■ ASSIGNMENT
Find the line with "forma de depositar la capa de tinta sobre el" in the data below, then restate it and all remaining lines exactly, adding nothing.

─── DATA PROVIDED ───

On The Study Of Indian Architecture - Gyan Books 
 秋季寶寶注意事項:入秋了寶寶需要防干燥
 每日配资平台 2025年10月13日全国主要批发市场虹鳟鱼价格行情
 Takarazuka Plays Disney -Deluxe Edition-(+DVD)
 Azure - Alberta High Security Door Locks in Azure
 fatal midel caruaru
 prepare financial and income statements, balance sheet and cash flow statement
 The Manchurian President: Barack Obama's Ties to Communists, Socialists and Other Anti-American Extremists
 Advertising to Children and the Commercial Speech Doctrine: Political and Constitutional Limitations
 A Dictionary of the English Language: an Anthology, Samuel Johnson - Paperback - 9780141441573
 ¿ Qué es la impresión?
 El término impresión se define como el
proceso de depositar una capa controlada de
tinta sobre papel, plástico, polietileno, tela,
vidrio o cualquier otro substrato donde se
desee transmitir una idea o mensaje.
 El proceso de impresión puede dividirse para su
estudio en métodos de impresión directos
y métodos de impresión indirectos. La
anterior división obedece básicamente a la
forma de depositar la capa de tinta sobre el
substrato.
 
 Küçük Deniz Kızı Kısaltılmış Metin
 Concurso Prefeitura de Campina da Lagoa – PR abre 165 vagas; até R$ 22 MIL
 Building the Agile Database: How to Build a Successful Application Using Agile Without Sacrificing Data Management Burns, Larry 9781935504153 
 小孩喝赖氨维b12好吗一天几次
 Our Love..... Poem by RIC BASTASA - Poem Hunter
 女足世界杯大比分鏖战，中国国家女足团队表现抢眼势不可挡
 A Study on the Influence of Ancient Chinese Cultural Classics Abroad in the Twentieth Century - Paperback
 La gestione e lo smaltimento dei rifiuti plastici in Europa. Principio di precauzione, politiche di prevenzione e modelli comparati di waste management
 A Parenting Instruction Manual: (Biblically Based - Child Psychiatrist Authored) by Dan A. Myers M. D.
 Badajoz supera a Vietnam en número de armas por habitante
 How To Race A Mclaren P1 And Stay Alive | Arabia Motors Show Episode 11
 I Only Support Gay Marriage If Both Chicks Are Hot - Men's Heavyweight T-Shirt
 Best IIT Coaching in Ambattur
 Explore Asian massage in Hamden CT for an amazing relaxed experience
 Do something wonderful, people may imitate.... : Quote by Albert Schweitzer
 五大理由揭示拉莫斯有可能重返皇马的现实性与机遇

───

■ RESPONSE
forma de depositar la capa de tinta sobre el
substrato.
 
 Küçük Deniz Kızı Kısaltılmış Metin
 Concurso Prefeitura de Campina da Lagoa – PR abre 165 vagas; até R$ 22 MIL
 Building the Agile Database: How to Build a Successful Application Using Agile Without Sacrificing Data Management Burns, Larry 9781935504153 
 小孩喝赖氨维b12好吗一天几次
 Our Love..... Poem by RIC BASTASA - Poem Hunter
 女足世界杯大比分鏖战，中国国家女足团队表现抢眼势不可挡
 A Study on the Influence of Ancient Chinese Cultural Classics Abroad in the Twentieth Century - Paperback
 La gestione e lo smaltimento dei rifiuti plastici in Europa. Principio di precauzione, politiche di prevenzione e modelli comparati di waste management
 A Parenting Instruction Manual: (Biblically Based - Child Psychiatrist Authored) by Dan A. Myers M. D.
 Badajoz supera a Vietnam en número de armas por habitante
 How To Race A Mclaren P1 And Stay Alive | Arabia Motors Show Episode 11
 I Only Support Gay Marriage If Both Chicks Are Hot - Men's Heavyweight T-Shirt
 Best IIT Coaching in Ambattur
 Explore Asian massage in Hamden CT for an amazing relaxed experience
 Do something wonderful, people may imitate.... : Quote by Albert Schweitzer
 五大理由揭示拉莫斯有可能重返皇马的现实性与机遇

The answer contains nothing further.